This piece is a remembrance of Joseph R. Levenson on the tenth anniversary of his death. Levenson, a specialist in Chinese history taught at the University of California, Berkeley

On April 6, 1969, Easter Sunday, two canoes set out on the Russian River, a few miles east of Guerneyville in Northern California. The river was running very high and very fast. The group travelled about a mile without incident until, while rounding a turn in the stream, both canoes struck a tree that had been mostly obscured by the flood. The lead canoe tipped its passengers and then righted itself, floating out of reach of the boaters. The second wrapped itself around the tree and stayed there, a bizarre Christmas ornament one holiday late. Rescuers in Guerneyville picked up five of the six canoers within three hours of the accident. The next day they recovered the body of the sixth. Joseph Richmond Levenson, Sather Professor of History at the University of California, my father.

They said of Joseph Levenson when he died, "He showed how a lifetime of effort might yield really nourishing answers, but transcending his speciality is what he contributed to humanistic knowledge generally." John K. Fairbank, Higginson Professor of History Emeritus, Levenson's Harvard undergraduate tutor and graduate advisor, rendered final judgdment: "Joe's was no ordinary career--its record is that of genius at work."

Ten years after he died my memories have begun to fade; the photo on the wall, the row of books on my shelf remain. But he has become the most important moulder of the way I think, the way I would like to live. Throughout his life he brought passion to certain basic questions intertwined in his life and work. When he tried to bring his specialty onto the beaten track, into the realm of universal human concern, he asked the questions that touch the heart of personal dilemmas I am still trying to resolve.

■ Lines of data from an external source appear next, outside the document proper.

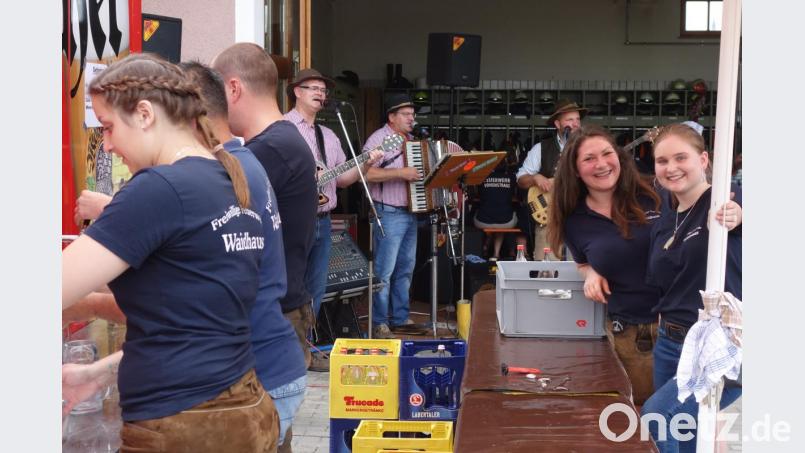 Die &quot;Musik-Boys&quot; aus der Nachbargemeinde Georgenberg (im Hintergrund) musizieren zum 26. Mal beim Feuerwehrfest. Bild: fjo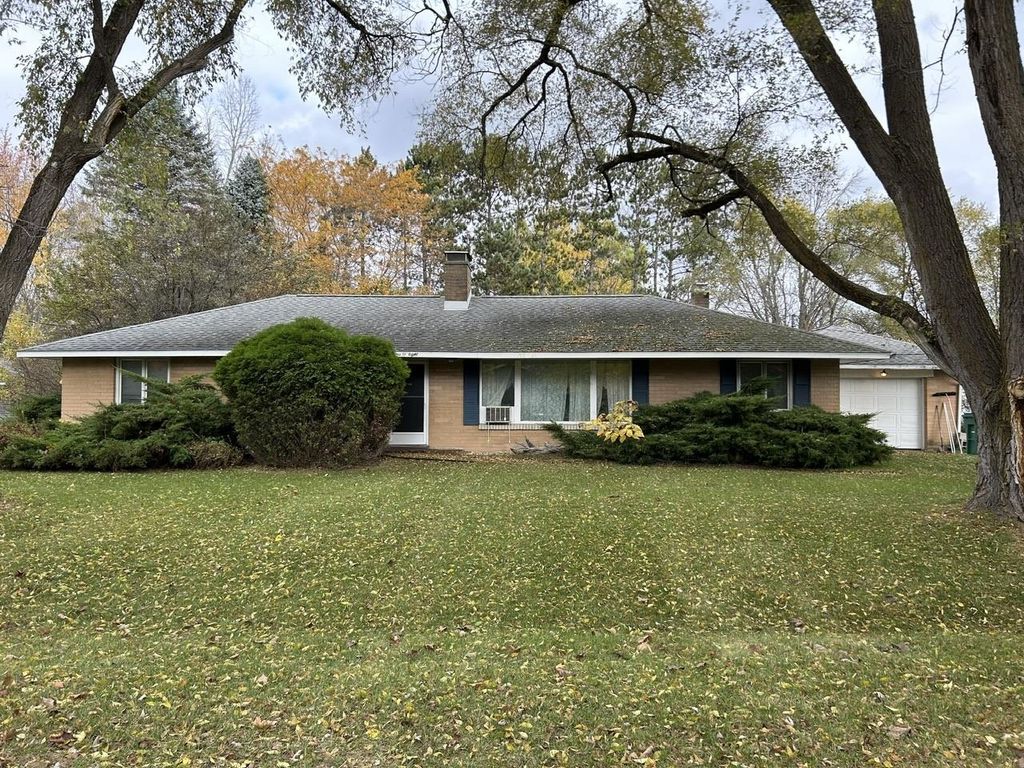 108 W 7th St, Gladwin, MI 48624 Trulia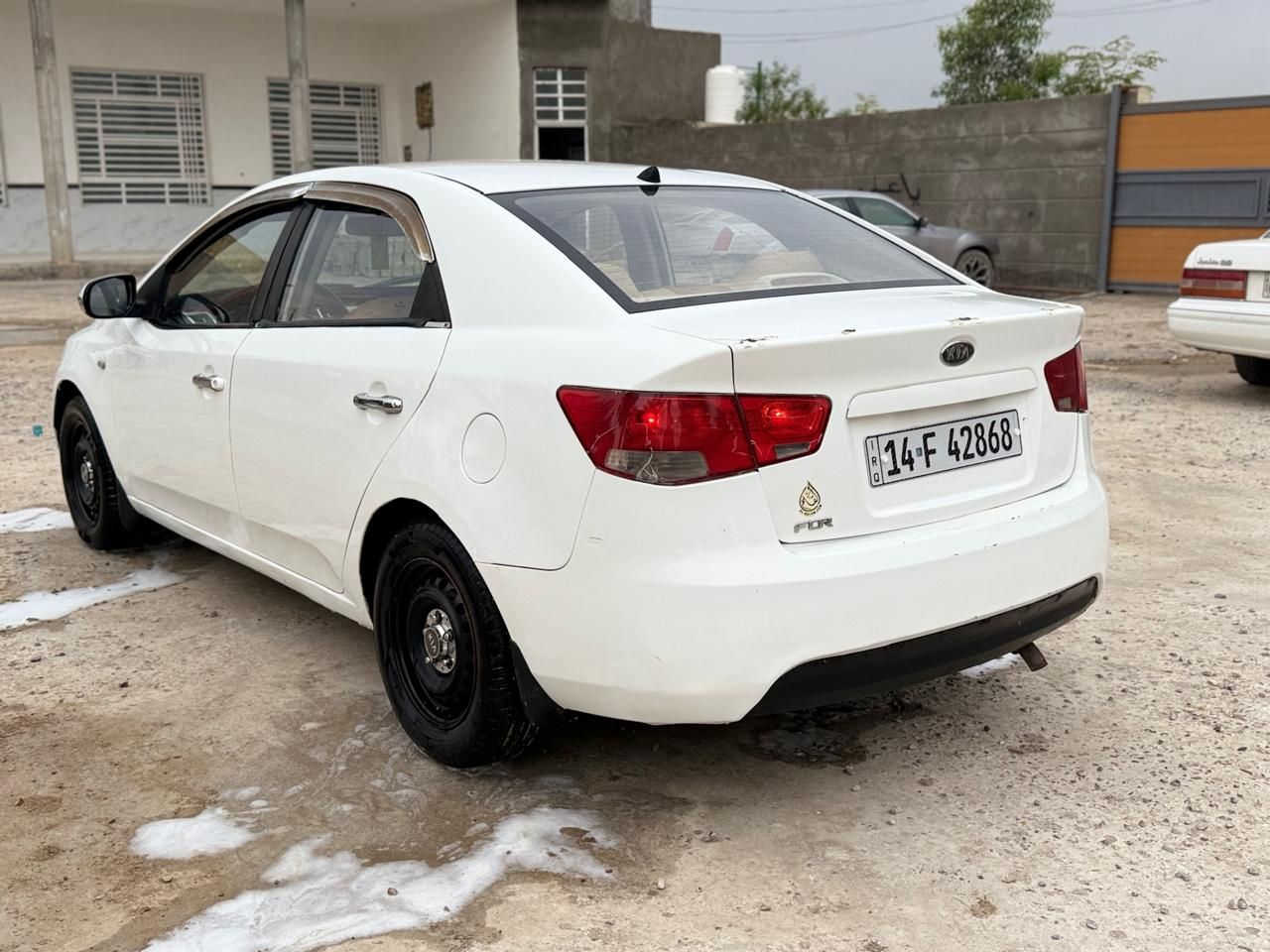 السلام عليكم ***********
كيا فورتي موديل 2010 خليجي 
  رش حزام فقط ب ولباقي كفالة عامة ،رقم بصرة أنكليزي بسمي تحويل ثاني يوم سيارة جاهزة مكينة كيرجدد تبريد حدادية جاهزة أي نقص مابيها
عنوان ناصرية,//السعر 82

Levenson was born in Boston in 1920. After a stint at Boston Latin, he entered Harvard in 1937, majoring in European history. The war sent him to Japanese language school, and eventually to Japan itself, but when he returned to Harvard in 1946 Levenson turned to China, the country that held his concern for the rest of his life, earning a Ph.D. in 1949. Looking back on this choice, Levenson said in 1968, "In Chinese history there were big open spaces and the promise of a road that went the long way home...The interest in China is an interest in the fact that the questions which confront China are more and more becoming the same questions which confront us...which in a cosmopolitan world we all share."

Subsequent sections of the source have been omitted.